Thursday 23 February 2012

Tenth Entry: Ranting, the public broadcaster and Reality TV's reality

EntWined: 7 Tales of the Urbanites - Pete Kermally, AuthorHouse, 2007 - p.173

    Have you ever seen an innocent old lady get squashed below the wheels of a speeding lorry, or been witness to a rapid dog mutilating daily shoppers in an afternoon in Asda?
    No?
    Me neither but both I imagine, however unpleasant they may seem, you would be fixated upon them for at least three or four minutes when your mind would then inform you of the disgusting sick nature of the topic and involuntary close your eyelids.
    This is exactly what is happening to me, when by sheer accident and bad luck I come across Celebrity Love Island.
    Two to three minutes of watching this piece of media filth makes me wish indeed I was witnessing the Cujo-esk killing spree in the supermarket or Mrs Brady being crushed by the fourteen wheeler.
    "What the fuck is this shit?"  I asked myself, temporarily unaware that thirty kids and six teachers are in the room with me.
     The worrying thing about this psuedo -celebrity shag fest is the fact that immediately it makes me feel very, very old and very, very prudish.
    For the last five or so years I've managed to completely ignore this phase of non actors being on my telly and making complete and utter titfucks of themselves.  I regard Big Brother, Celebrity Big Brother, Celebrity Wrestling and the Farm with the same dismissive attitude as Busted splitting up or as the comeback single of The Pet Shop Boys.

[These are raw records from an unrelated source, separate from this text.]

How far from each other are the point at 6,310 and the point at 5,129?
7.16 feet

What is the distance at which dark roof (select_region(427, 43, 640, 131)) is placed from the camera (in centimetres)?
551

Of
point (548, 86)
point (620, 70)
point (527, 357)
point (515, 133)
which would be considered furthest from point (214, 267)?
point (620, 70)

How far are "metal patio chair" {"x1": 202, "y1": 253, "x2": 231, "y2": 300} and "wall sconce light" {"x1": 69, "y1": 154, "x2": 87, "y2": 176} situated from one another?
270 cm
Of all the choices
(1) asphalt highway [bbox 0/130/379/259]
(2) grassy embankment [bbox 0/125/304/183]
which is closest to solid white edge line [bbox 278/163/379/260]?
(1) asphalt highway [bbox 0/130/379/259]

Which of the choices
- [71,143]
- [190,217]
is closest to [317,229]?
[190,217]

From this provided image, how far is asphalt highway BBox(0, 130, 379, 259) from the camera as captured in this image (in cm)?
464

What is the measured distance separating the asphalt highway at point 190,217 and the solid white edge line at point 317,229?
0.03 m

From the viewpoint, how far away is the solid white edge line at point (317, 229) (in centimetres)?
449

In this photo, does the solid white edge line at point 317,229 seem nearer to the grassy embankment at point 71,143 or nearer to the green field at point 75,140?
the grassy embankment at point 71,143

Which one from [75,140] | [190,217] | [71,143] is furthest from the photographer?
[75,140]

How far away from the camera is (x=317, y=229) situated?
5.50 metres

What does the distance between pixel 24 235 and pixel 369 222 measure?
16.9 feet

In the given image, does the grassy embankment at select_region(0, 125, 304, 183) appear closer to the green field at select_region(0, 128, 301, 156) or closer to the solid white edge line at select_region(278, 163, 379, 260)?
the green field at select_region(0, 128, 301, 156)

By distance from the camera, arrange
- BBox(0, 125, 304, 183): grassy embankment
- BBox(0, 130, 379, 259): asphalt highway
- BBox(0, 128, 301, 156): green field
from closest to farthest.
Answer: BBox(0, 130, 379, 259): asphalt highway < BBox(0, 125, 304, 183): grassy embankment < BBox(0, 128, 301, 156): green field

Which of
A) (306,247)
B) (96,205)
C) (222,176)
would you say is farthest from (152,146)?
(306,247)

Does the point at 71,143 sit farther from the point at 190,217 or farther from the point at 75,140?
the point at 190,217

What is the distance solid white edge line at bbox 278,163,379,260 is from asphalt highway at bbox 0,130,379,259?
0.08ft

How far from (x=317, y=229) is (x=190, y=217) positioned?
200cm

    Before you get on your high horse about Reality T.V simply being good viewing and accusing me of being a geeky nerd due to my (mild) Star Wars and A Team obsession, I want to point out the pitfalls and simply the wrongness of supporting this media whoring.
    Firstly those who claim they do not enjoy these shows but, "just like it to laugh at the people" need a fucking life.  As a teacher I spend many an hour "laughing at the idiots" but unlike you guys obsessed by Big Brother I get paid for being the bemused and casual observer.  What your doctor should strongly recommend in to cancel your subscriptions of Heat, Now, Look, Hello and O.K and buy some descent shit that will engage your pea sized minds and explore your...
(Note: I have not corrected any spelling or grammatical errors in this piece, as I don't know if they are intended ((first person narrative and all that)).  As stated in the title heading, I use these pieces as a spring-board for my own writing, not for editing practice.) 

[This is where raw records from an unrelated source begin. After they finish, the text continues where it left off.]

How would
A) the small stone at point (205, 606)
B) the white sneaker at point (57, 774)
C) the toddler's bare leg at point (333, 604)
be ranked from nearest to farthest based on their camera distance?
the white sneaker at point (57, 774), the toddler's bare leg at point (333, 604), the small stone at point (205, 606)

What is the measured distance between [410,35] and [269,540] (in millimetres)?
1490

I love a good rant, both administering, listening and watching.



Whether my rant is about politics, film, television programmes, cartoons - whatever ... it's nice to get it all out and then enjoy a fruitful conversation about the topic, with some informed points of view, opposing or not.

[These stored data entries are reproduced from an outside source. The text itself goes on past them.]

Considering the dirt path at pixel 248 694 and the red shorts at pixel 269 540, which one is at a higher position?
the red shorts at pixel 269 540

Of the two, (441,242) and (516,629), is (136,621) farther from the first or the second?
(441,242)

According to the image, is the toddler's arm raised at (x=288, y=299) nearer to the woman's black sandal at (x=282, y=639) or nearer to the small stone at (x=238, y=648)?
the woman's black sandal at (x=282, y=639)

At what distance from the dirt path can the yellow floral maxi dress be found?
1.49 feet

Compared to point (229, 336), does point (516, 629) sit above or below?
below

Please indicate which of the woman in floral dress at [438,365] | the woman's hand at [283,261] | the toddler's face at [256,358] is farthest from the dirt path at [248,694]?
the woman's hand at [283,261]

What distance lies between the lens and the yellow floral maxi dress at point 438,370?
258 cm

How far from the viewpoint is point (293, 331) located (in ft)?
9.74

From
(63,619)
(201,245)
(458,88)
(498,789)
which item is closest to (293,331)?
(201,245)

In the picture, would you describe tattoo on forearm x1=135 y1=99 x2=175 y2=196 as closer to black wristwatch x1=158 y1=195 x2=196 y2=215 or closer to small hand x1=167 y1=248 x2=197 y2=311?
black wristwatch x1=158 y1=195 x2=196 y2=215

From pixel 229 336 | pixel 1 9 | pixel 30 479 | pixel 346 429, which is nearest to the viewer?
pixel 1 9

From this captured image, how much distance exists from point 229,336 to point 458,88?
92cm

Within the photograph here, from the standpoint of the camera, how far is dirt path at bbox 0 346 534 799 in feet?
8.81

The above rant is amusing and though I'm not as impassioned, I have similar opinions about a lot of reality TV.  I understand why networks produce these shows; they are cheap and they rate highly.  It's good business.  The successful programmes gain more than a following, their watchers invest much of their emotions in the contestants and are frequently outraged with judges' decisions or the weekly exile, (X-Factor time in the UK comes to mind).  That this genre lacks any intellectual merit has been discussed ad nauseam, it is the constructed nature of the presented 'reality' that many fans are apparently oblivious to, the narrative imposed to compel the viewer to watch and watch and watch.  Charlie Brooker demonstrates:



With the declining television profit model, Big Brother and Survivor and those shows about the Kardashians, with their ease of production and potential wide profit margins, offer networks a life-line.  This is why the existence of a public broadcaster is important.  Not being subject to profit and ratings exigencies, they have a much greater opportunity to produce something clever, whose humour and drama isn't provided through a contestant's self-abasement (witting or unwitting), but through good writing and talented actors.  The Australian Broadcasting Corporation, has provided several shows like Rake, The Slap, Spicks and Specks, The Gruen Transfer/Gruen Planet, Adam Hills in Gordon St Tonight, The Hamster Wheel and many more.  The BBC also produces several acclaimed programmes.  Before anyone mentions 'left-wing agenda' or even intones 'Socialist' to enforce their vacuous point, I would challenge any to direct me to any study that establishes the Socialist policies of either the ABC, BBC or NPR.  You'll find that they are all quite moderate and not a mouth piece for government or the extreme left.  The main reason is that they have to be; as government funded entities, they are scrutinised in far greater detail than commercial networks, except maybe for Fox News, who are unabashedly conservative.

Producing content of acclaim is not the exclusive purview of public broadcasters though; The West Wing for example was brought to us by NBC.

All that said, one of my not-so-guilty pleasures is watching cartoons.  If a person derives pleasure from watching fat folk sweat, stressed people cook, strangers share a house and the opulent young 'cope', then that's their choice, and they have it in abundance.  If things are defined by their opposites, then quality programs like The West Wing need Celebrity Apprentice to exist.  There are certainly worse trade offs.